- For the past several decades, U.S. policy toward the People’s Republic of China (PRC) has consistently subordinated human rights concerns to geopolitical or economic interests.
- The human rights situation in China has deteriorated significantly over the last two years.
- Both a new U.S. administration and China’s bid to host the 2008 Olympics offer opportunities to influence human rights in China.
During the 1970s and 1980s, U.S. officials viewed China as an important counterweight to the power and influence of the Soviet Union. The primary U.S. objective—to contain the Soviet threat—took precedence over any concerns about repression or human rights violations in China. Since the fall of the Berlin Wall, however, Washington policymakers have struggled to redefine a strategic framework for the U.S. relationship with China. Under the Clinton administration, there was a lot of talk about the importance of human rights, but many Clinton foreign policy initiatives emphasized opening China’s economy to U.S. companies more than enhancing human right protections. With the new Bush administration, there is an opportunity to revise U.S. policy to more effectively address human rights concerns. Equally important, as China bids to host the 2008 Olympics, Beijing may be more responsive to international pressure to improve its human rights record.
International scrutiny and censure of China’s human rights violations is needed now more than ever, as China’s human rights record has deteriorated significantly over the last few years. Authorities in China have responded to perceived internal threats with arrests, censorship, and even the incarceration of dissidents in psychiatric institutions for treatment of “political monomania.” Essentially, any group viewed as a threat to the rule of the Chinese Communist Party is subject to harsh treatment. Human rights violations have largely been targeted at four general groups: democracy activists, religious groups, labor and peasant organizers, and members of movements for self-determination.
The repression against democracy advocates has been particularly severe in the last two years. In the summer of 1998, a group of political activists attempted to establish an official opposition party, the China Democracy Party (CDP). After five months of trying to limit the CDP’s activities, Chinese authorities initiated the first wave of arrests in November. During 1999, at least 34 members of the CDP were sentenced to prison terms of up to 13 years on charges of attempted subversion, and another four fled into exile.
Repression of religious groups is also on the rise, as the Chinese government has denounced some groups as “Western anti-Chinese forces.” Under Chinese law, any collective religious activity by members of religious groups that are not registered with the government is banned. The right to freedom of religious belief is explicitly denied to the sixty million members of the Chinese Communist Party and the three million members of the military. A new anticult provision of the criminal code is being used to impose long prison sentences on leaders of the Falun Gong and Zhong Gong spiritual movements as well as on Protestant church leaders. In fact, since the Chinese government’s crackdown on Falun Gong followers began in July 1999, several thousand have been arrested, and at least 77 people have died under suspicious circumstances either in custody or shortly after release.

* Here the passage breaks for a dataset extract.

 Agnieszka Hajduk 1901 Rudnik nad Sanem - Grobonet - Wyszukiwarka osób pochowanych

China’s pursuit of membership in the World Trade Organization (WTO) is only the latest step in its efforts to embrace “socialism with Chinese characteristics.” But the integration of the Chinese economy into global markets has created new social problems within China. Last year, the Chinese government announced plans to cut 10 million jobs in the state sector; these layoffs add to the existing number of urban unemployed and laid-off workers, estimated at over 25 million. When workers have organized protests against layoffs or against falling wages and poor working conditions, the government has often responded with police actions and violence.

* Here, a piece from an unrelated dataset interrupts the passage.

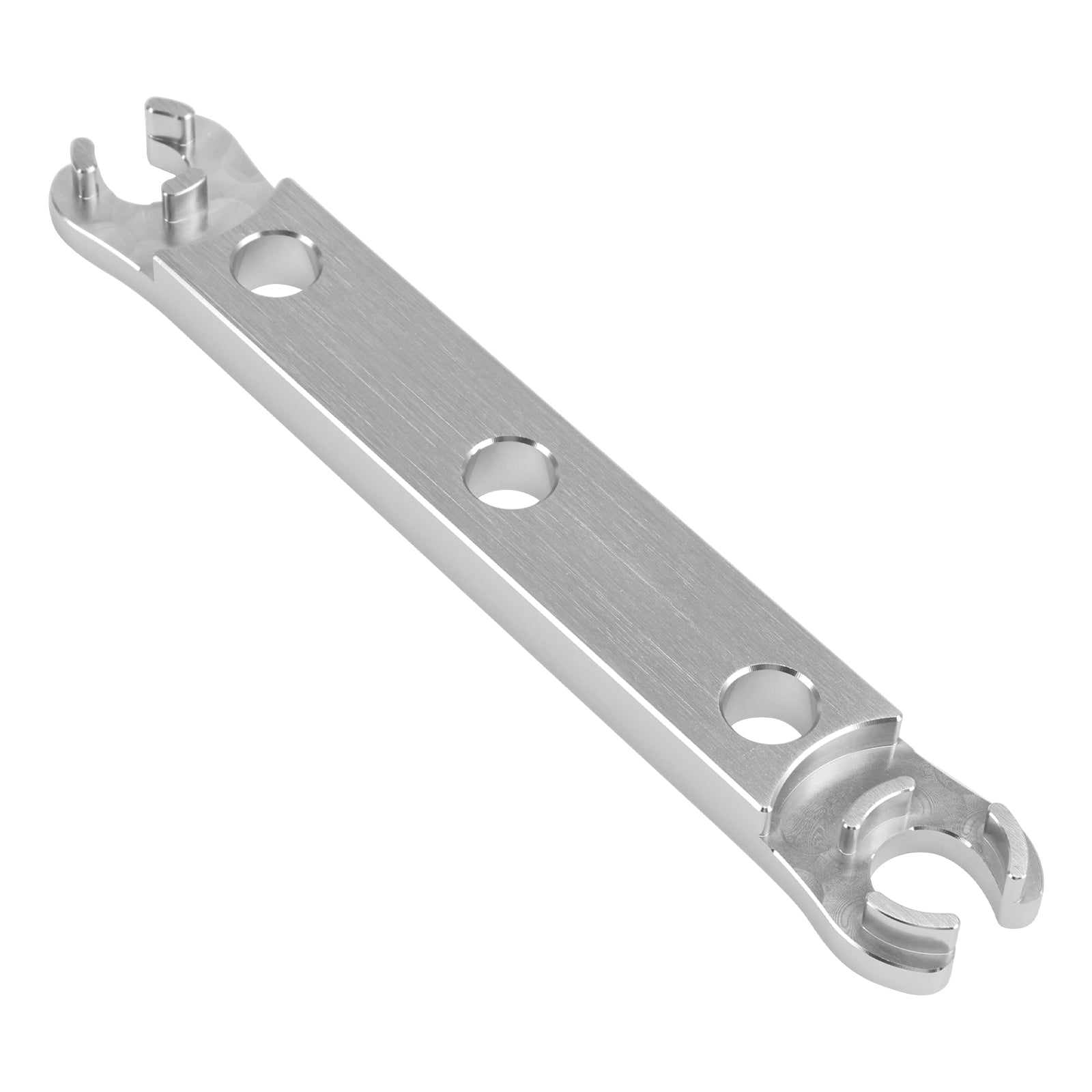 Verwijderingssleutel van aluminium onderdop. Gereedschap gebruikt voor het opnieuw opbouwen van de DVO Saphire/Onyx-vork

Perhaps some of the worst human rights violations by Chinese authorities have centered on movements for self-determination. In Tibet, the Chinese government has increased its control of religious institutions and issued a ban on the display of photographs of the Dalai Lama. Work teams are sent to monasteries and nunneries to conduct “patriotic reeducation” campaigns, and average prison sentences in Tibet are increasing along with serious abuse inside prisons. The Chinese authorities have failed to respond to international appeals for information on the well-being and whereabouts of the child Panchen Lama, and there has been no progress on the issue of dialogue with the Dalai Lama. In Xinjiang, the northwestern province and home to a majority Muslim population known as the Uighurs, a violent separatist campaign has provoked a severe government crackdown on all political dissidence. In 1999, Amnesty International reported that the Chinese government had sentenced 210 Uighurs to death in the last two years and that political executions and torture had become routine in the region.

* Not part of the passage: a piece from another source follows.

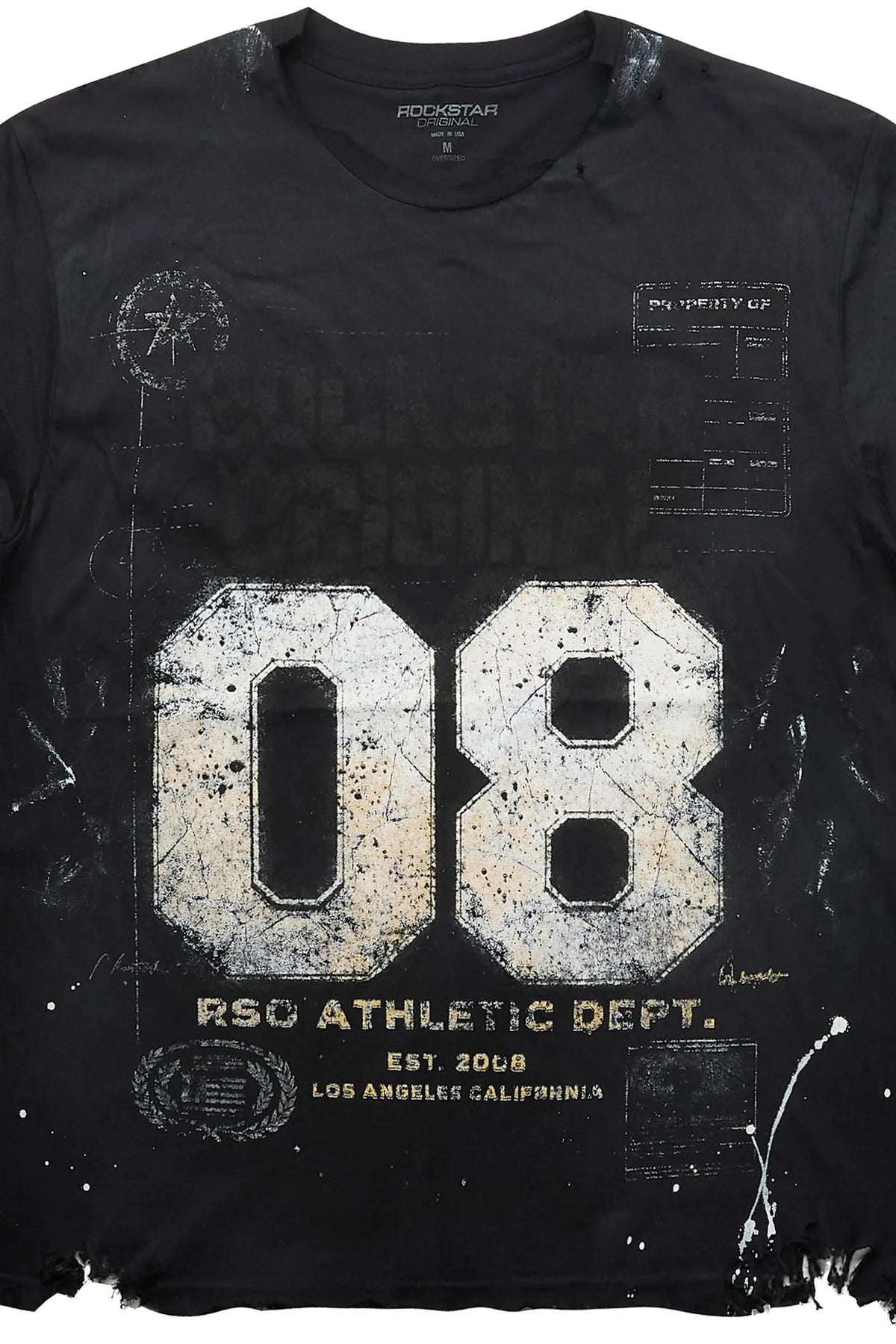 Deon Black Oversized Graphic T-Shirt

Problems with Current U.S. Policy
- U.S. policymakers frequently resort to rhetoric about the importance of human rights rather than implementing meaningful policy measures.
- U.S. critics of China’s human rights violations often let their ideology undermine a consistent application of international human rights law.
- Washington has underutilized multilateral approaches in addressing China’s human rights problems.
Over the last decade, both the executive branch and the U.S. Congress have been outspoken about China’s human rights problems. The annual State Department Country Reports on Human Rights Practices have documented numerous violations year after year, and on several occasions there has been bipartisan support in Congress to condemn Beijing for its human rights record. Washington has also supported a resolution concerning China’s human rights violations at sessions of the UN Commission on Human Rights (UNCHR) in eight of the last nine years. And in the recent U.S. presidential election, both the Democratic and Republican candidates emphasized the need to promote human rights in China.
Unfortunately, U.S. policy initiatives to promote human rights in the PRC have not matched the intensity of the rhetoric. Although the U.S. government has raised human rights concerns in summits and other official meetings, these bilateral overtures have generally failed to evoke a response from Chinese authorities, indicating that the Chinese do not take the U.S. interventions seriously. This perception is understood when contrasting Washington’s responses to Beijing’s refusal to comply with its obligations under two separate international agreements. In 1996, the Clinton administration announced its intentions to apply economic sanctions against China for failing to protect intellectual property rights (IPR) as obligated under a 1995 agreement. Under this pressure, China backed down and undertook immediate steps to enforce the agreement. But the same U.S. government rejected any linkage between economic sanctions and China’s violations of international human rights treaties, which have the same binding force as the IPR agreement.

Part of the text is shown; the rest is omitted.